6. Eliminate non-value-added work. If the box, diamond, or arrow doesn’t add value, is there a way to reduce its effect or remove it from the flow? Why, I wondered, do they have to check every incoming claim form? Using problem solving the team can identify the most common errors in form filling and redesign it to reduce or eliminate common errors. Then it may not need to be checked or it can be easily handled by a less experienced staff person.

7. Create an action plan to transition from the old, slow process to the new, faster process. Start a new process using the incoming order and let the existing order exit the old process.

8. Find a way to “burn the bridge” to the old process. At one company, they removed old personal workstations, forcing everyone to participate in learning to use the new, high-speed workstations.

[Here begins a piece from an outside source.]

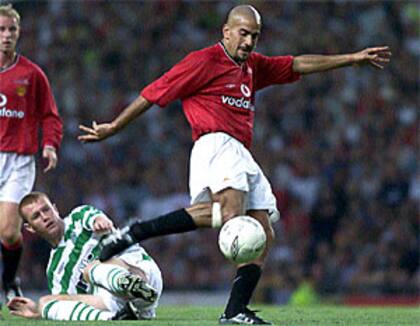 Juan Sebastián Verón, con la camiseta de Manchester United, donde disputó 82 partidos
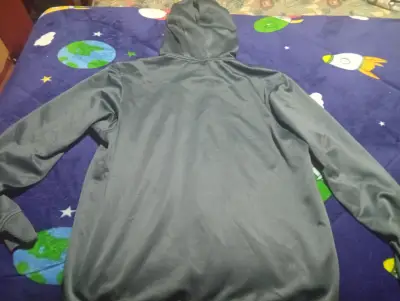 Polerón Adidas talla L con capucha - miniatura 2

9. Establish cycle time measures to maintain improvements, perhaps XmR charts for individual orders.

Templates for flowcharts and value-added analysis are available in QI Macro SPC software for Excel. For more help, consider the Lean Simplified book.

If you need help getting a team off the ground or refocusing, consider our consulting services.

Avoid common pitfalls

Pitfall #1: Don’t buy the first answer you get. People often include idle time in their answers.

Solution: Keep trying to determine how much time value-added work actually takes. The remaining time is the delay which can be reduced.

Problem #2: Old habits are hard to break.

Solution: Burn bridges in the old process. Implement new processes in such a way that people cannot revert to their old ones. Want to make your customers happier? More loyal? Less likely to switch suppliers? In today’s high-speed society, they want you to be fast, always fast. Using simple tools of flowcharts and value added analysis, I have never failed to find cycle time reductions of 50-70 and even 90%. And you can too! It’s a bit of a pain, pulling your process apart and disrupting its flow, but you only have to do it once to discover the power in this process.